§ **Problem details**
Repeat every record exactly, but omit the images.

§ **Data records**
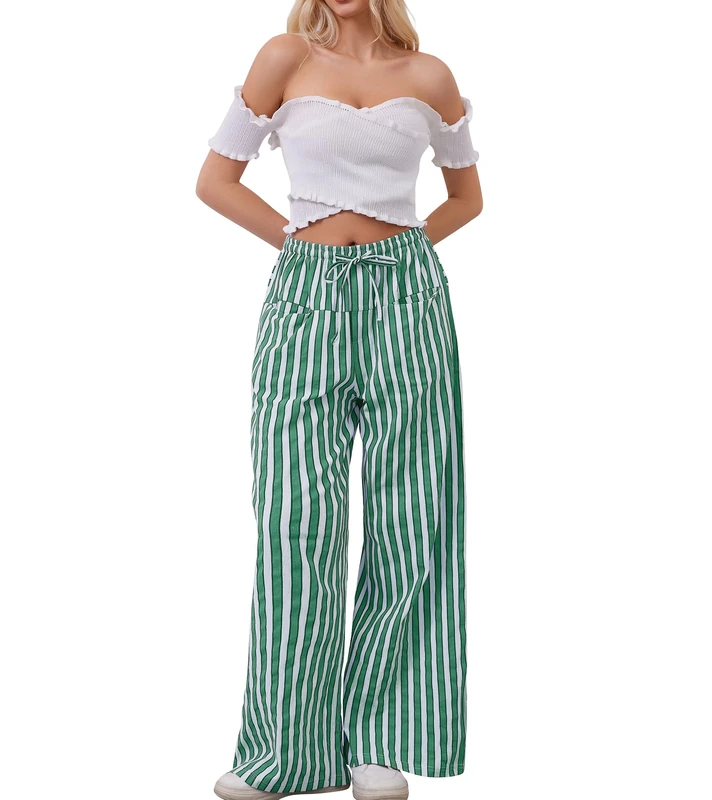 AIHUKOCY Women Drawstring Stripe Wide Leg Casual Trousers Striped Low Rise Casual Loose Lounge Pants with Pockets, Green, Large - Image 1
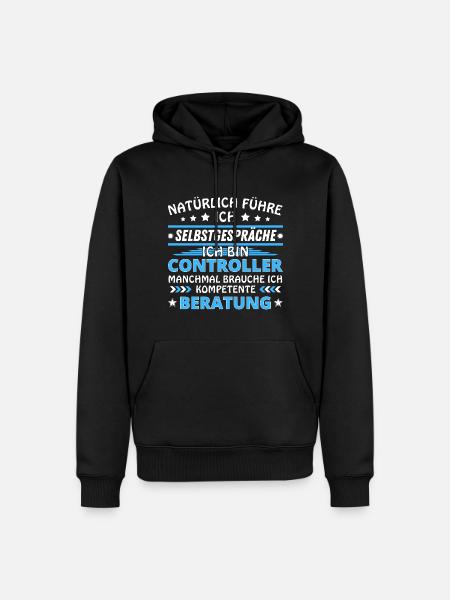 Ich führe Selbstgespräche - Controller Edition - Männer Premium Bio Hoodie - Schwarz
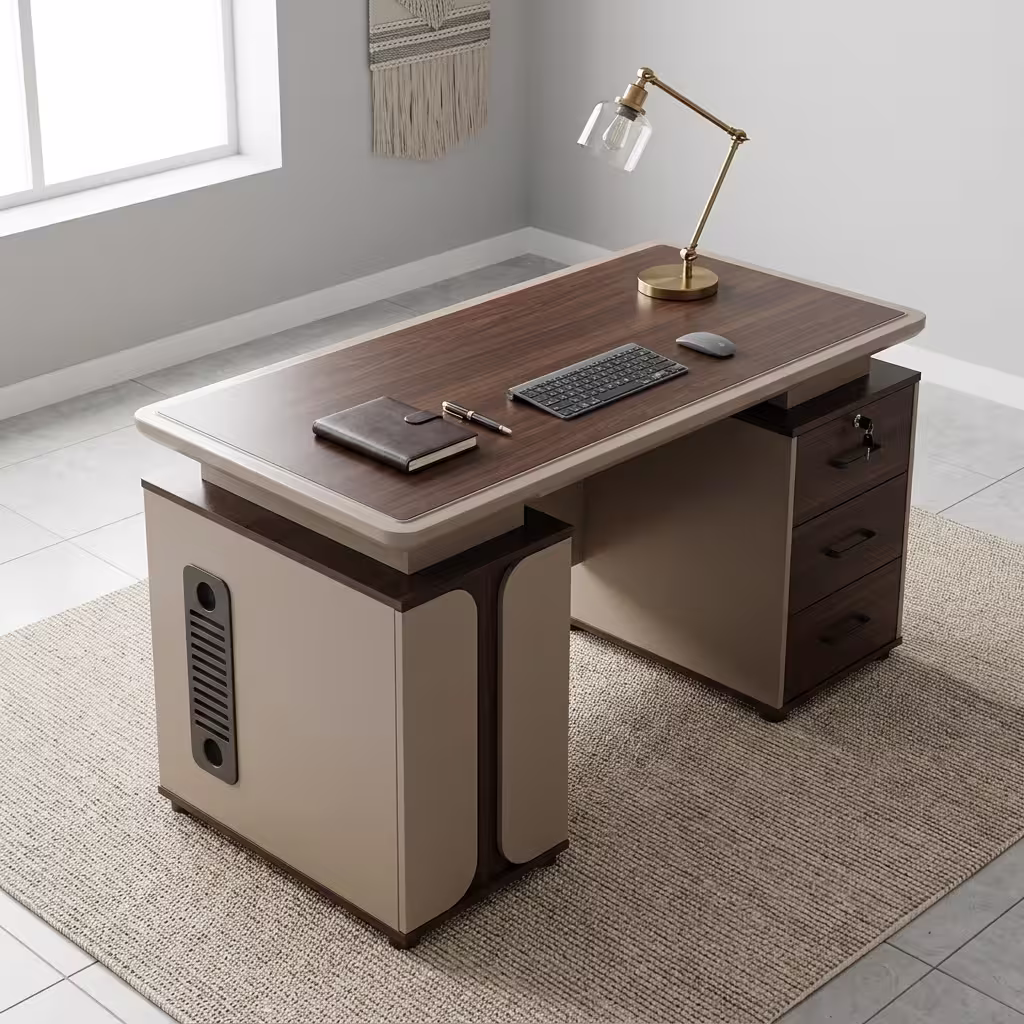 Premium 1.2M Modern Wooden Office Desk featuring a rich walnut woodgrain top panel, an integrated matte charcoal gray 3-drawer storage pedestal on the left with silver handles and gold trim, an open laptop, mouse pad, and notebooks on top, resting on a textured geometric cream area rug over a polished concrete floor.
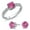 Pink and White Zirconia, variant on 4.50 Ct 6mm Round Center Zirconia Ring Available in 6 Colors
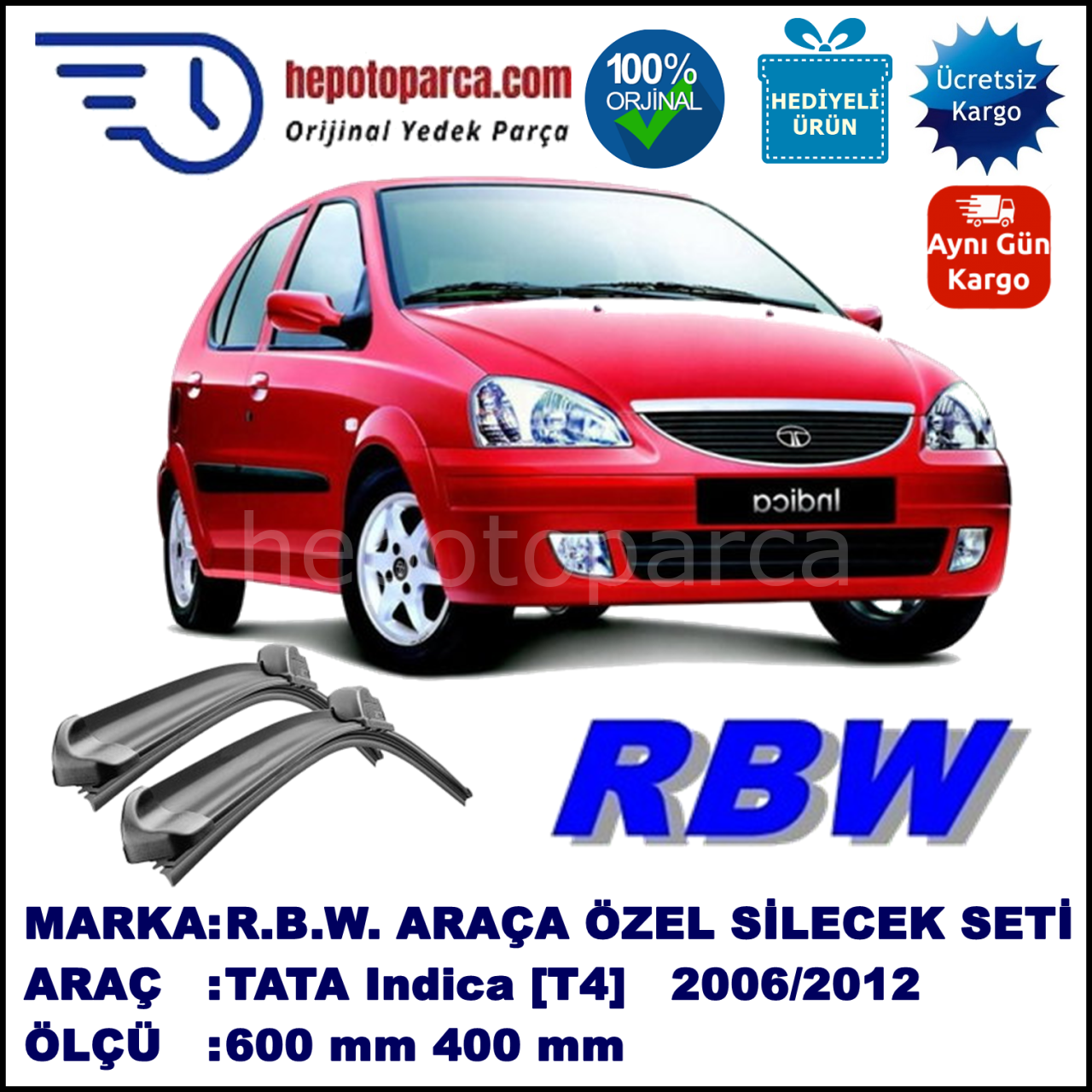 TATA Indica [T4] 11.06-... 600 / 400 mm. RBW Muz Silecek Seti  2'li Takım. U Kanca Uyumludur.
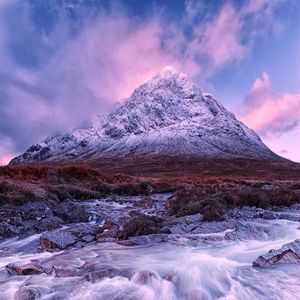 Preview wallpaper mountain, river, stream, peak, landscape, scotland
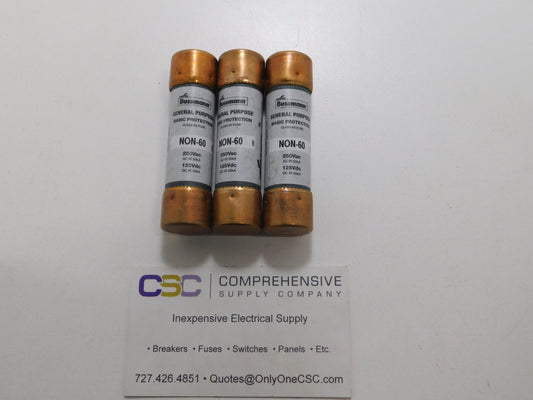 NON60 - Bussmann 60A Amp 250V Class H One-Time Cartridge Fuse - 3 Pack
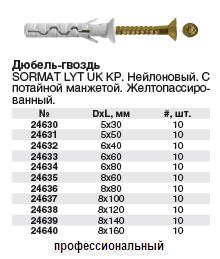 Дюбель-гвоздь нейлоновый с потайной манжетой, желтопассированный гвоздь LYT UK КP 5 х 30 10шт. FIT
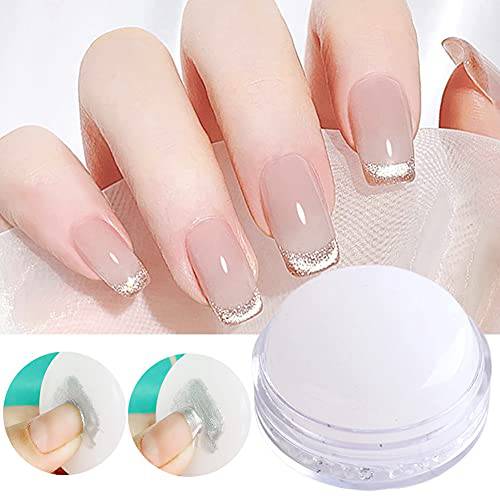 Nail Art Stamper for Easy French Nail Designs, Silicone Nail Stamper Nail Art Decoration Tool Nail Polish Transfer Stamping Plate Manicure Tips Accessories Stamper for Women Acrylic Nails (White)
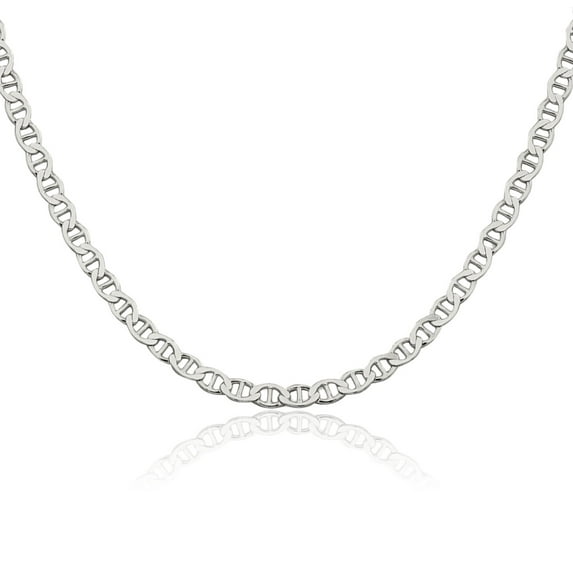 925 Sterling Silver 4.75mm Anchor Mariner Link Chain Necklace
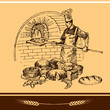 Baker holding baking pan into wood oven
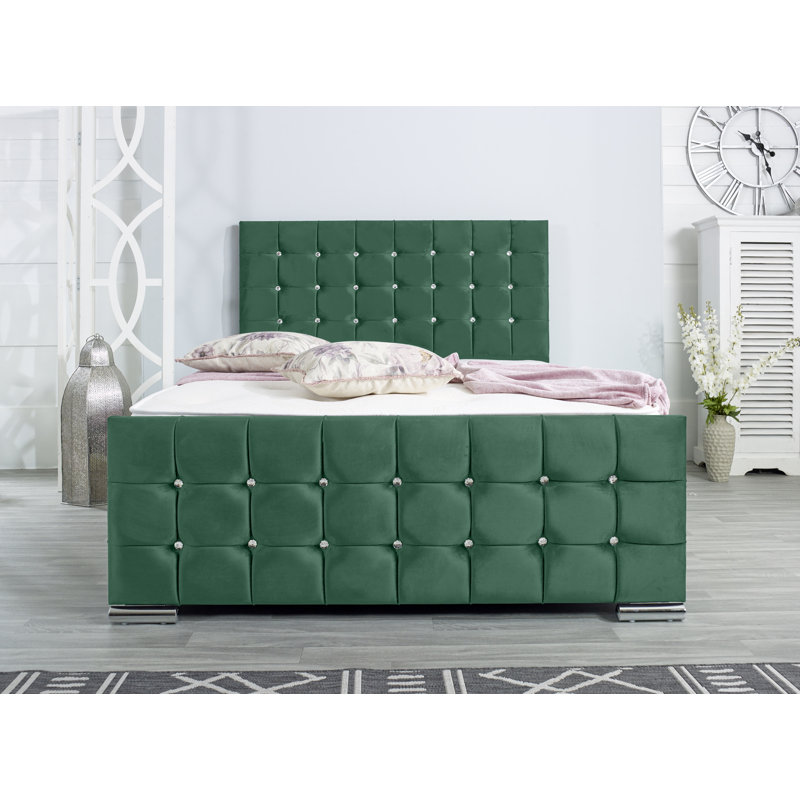 Lexington Upholstered Bed Frame, Double (4'6), Green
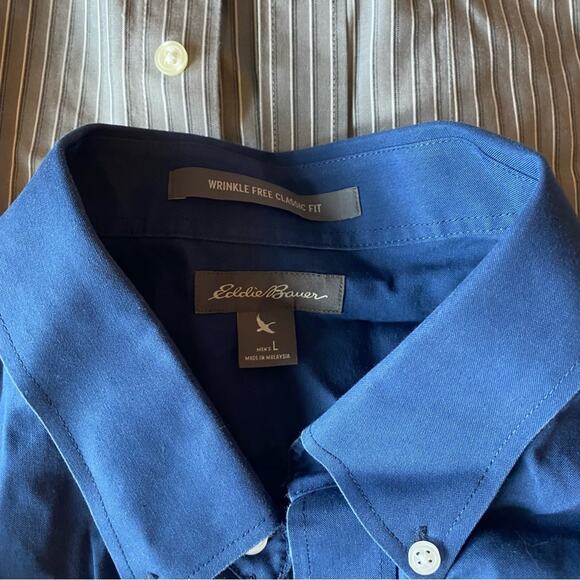 Eddie Bauer Blue and Gray Men's Collared Dress Shirts Large - Picture 2 of 4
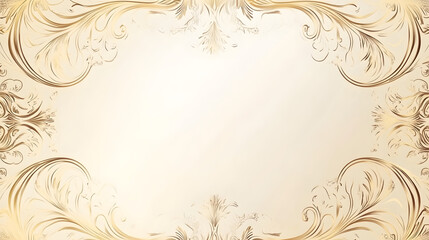 Elegant gold floral frame on a soft cream background, perfect for invitations or announcements.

§ **Solution**
 AIHUKOCY Women Drawstring Stripe Wide Leg Casual Trousers Striped Low Rise Casual Loose Lounge Pants with Pockets, Green, Large - Image 1
 Ich führe Selbstgespräche - Controller Edition - Männer Premium Bio Hoodie - Schwarz
 Premium 1.2M Modern Wooden Office Desk featuring a rich walnut woodgrain top panel, an integrated matte charcoal gray 3-drawer storage pedestal on the left with silver handles and gold trim, an open laptop, mouse pad, and notebooks on top, resting on a textured geometric cream area rug over a polished concrete floor.
 Pink and White Zirconia, variant on 4.50 Ct 6mm Round Center Zirconia Ring Available in 6 Colors
 TATA Indica [T4] 11.06-... 600 / 400 mm. RBW Muz Silecek Seti  2'li Takım. U Kanca Uyumludur.
 Preview wallpaper mountain, river, stream, peak, landscape, scotland
 NON60 - Bussmann 60A Amp 250V Class H One-Time Cartridge Fuse - 3 Pack
 Дюбель-гвоздь нейлоновый с потайной манжетой, желтопассированный гвоздь LYT UK КP 5 х 30 10шт. FIT
 Nail Art Stamper for Easy French Nail Designs, Silicone Nail Stamper Nail Art Decoration Tool Nail Polish Transfer Stamping Plate Manicure Tips Accessories Stamper for Women Acrylic Nails (White)
 925 Sterling Silver 4.75mm Anchor Mariner Link Chain Necklace
 Baker holding baking pan into wood oven
 Lexington Upholstered Bed Frame, Double (4'6), Green
 Eddie Bauer Blue and Gray Men's Collared Dress Shirts Large - Picture 2 of 4
 Elegant gold floral frame on a soft cream background, perfect for invitations or announcements.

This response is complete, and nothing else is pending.